Exercise instructions:
Keep the pictures out of the copy and print all the entries below exactly.

Material for the task:
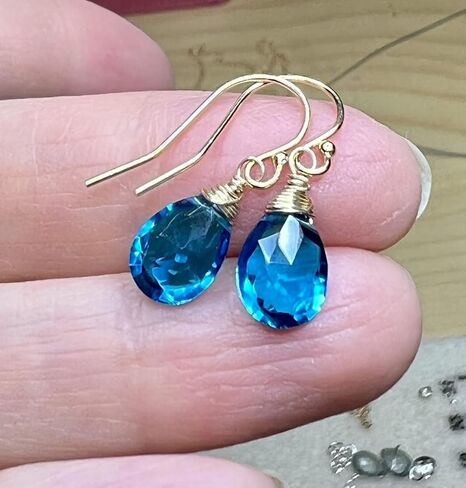 Earrings 14k gold fill neon London blue Topaz Quartz, petite handmade jewelry in Saudi Arabia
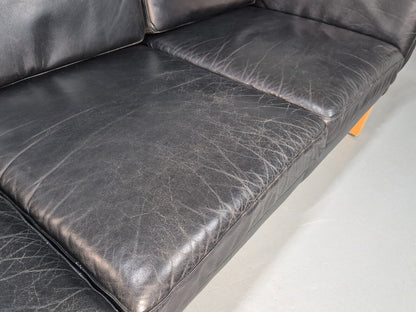 Vintage Danish 3 Seat Sofa Black Leather Mid Century Shape Retro MCMEB2838 M3SS - UKDK FURNITURE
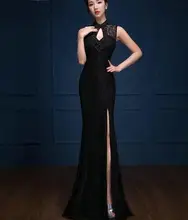 Sexy Black Lace Meerjungfrau Abendkleid Modische Halter Höhlen Vorder Sleeveless Glänzende Perlen Hohe Leg Seitenschlitz Kleid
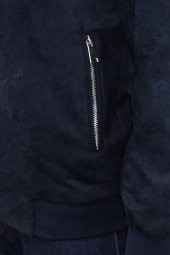 Desensiz Fermuarlı Cepli Lacivert Erkek Bomber Ceket - 6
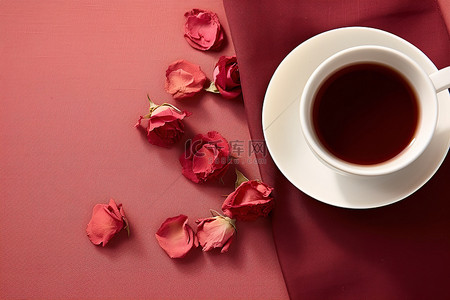 玫瑰花瓣样品旁边的一杯茶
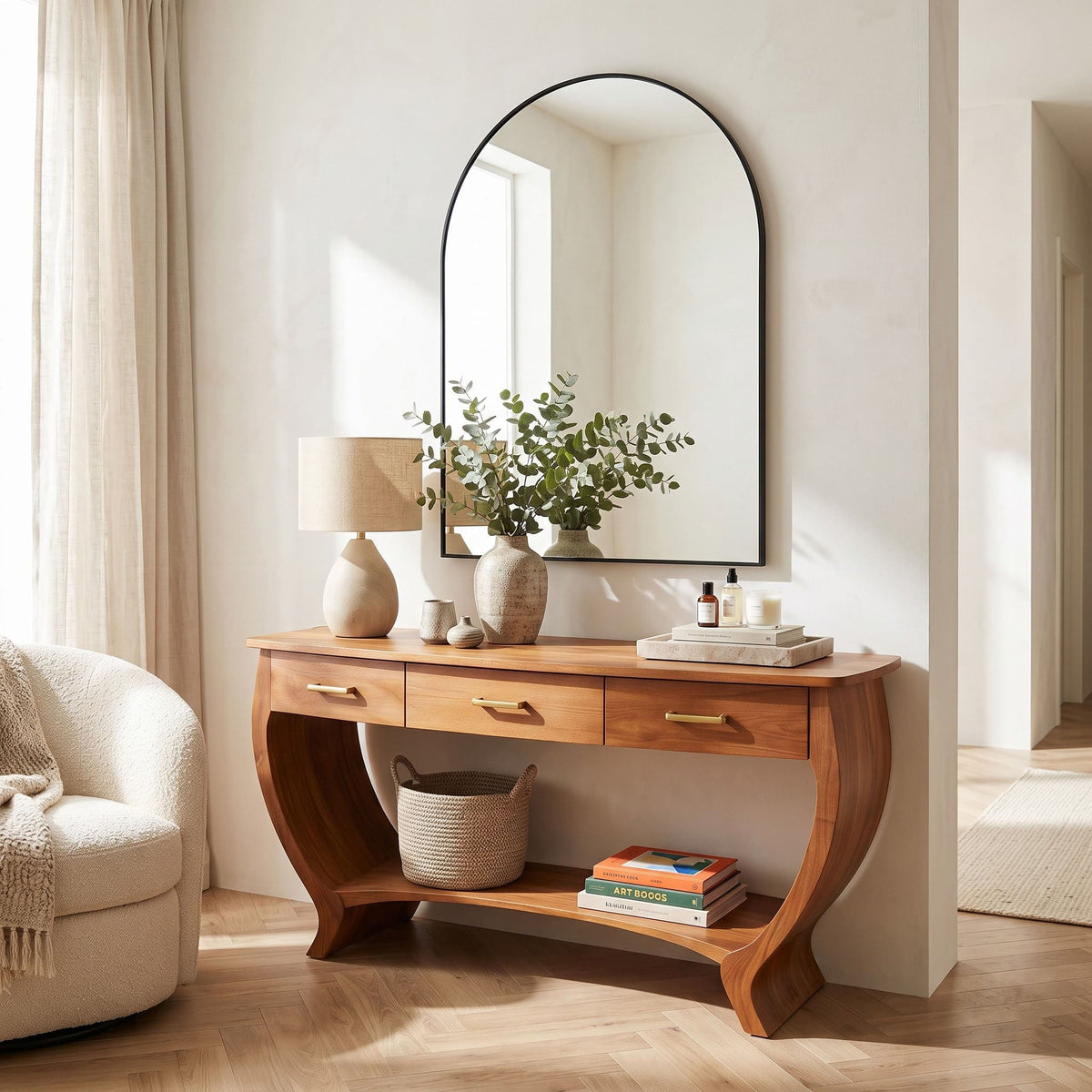 Triple drawer solid wood vanity with lower shelf styled in an elegant dressing space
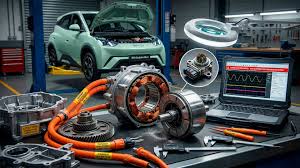 Por dentro do motor do BYD Dolphin Mini, desmontagem mostra conjunto integrado com diferencial, alta tensão de 308 V e dependência do inversor e sensores para controle de torque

Solution to this exercise:
 Earrings 14k gold fill neon London blue Topaz Quartz, petite handmade jewelry in Saudi Arabia
 Vintage Danish 3 Seat Sofa Black Leather Mid Century Shape Retro MCMEB2838 M3SS - UKDK FURNITURE
 Sexy Black Lace Meerjungfrau Abendkleid Modische Halter Höhlen Vorder Sleeveless Glänzende Perlen Hohe Leg Seitenschlitz Kleid
 Desensiz Fermuarlı Cepli Lacivert Erkek Bomber Ceket - 6
 玫瑰花瓣样品旁边的一杯茶
 Triple drawer solid wood vanity with lower shelf styled in an elegant dressing space
 Por dentro do motor do BYD Dolphin Mini, desmontagem mostra conjunto integrado com diferencial, alta tensão de 308 V e dependência do inversor e sensores para controle de torque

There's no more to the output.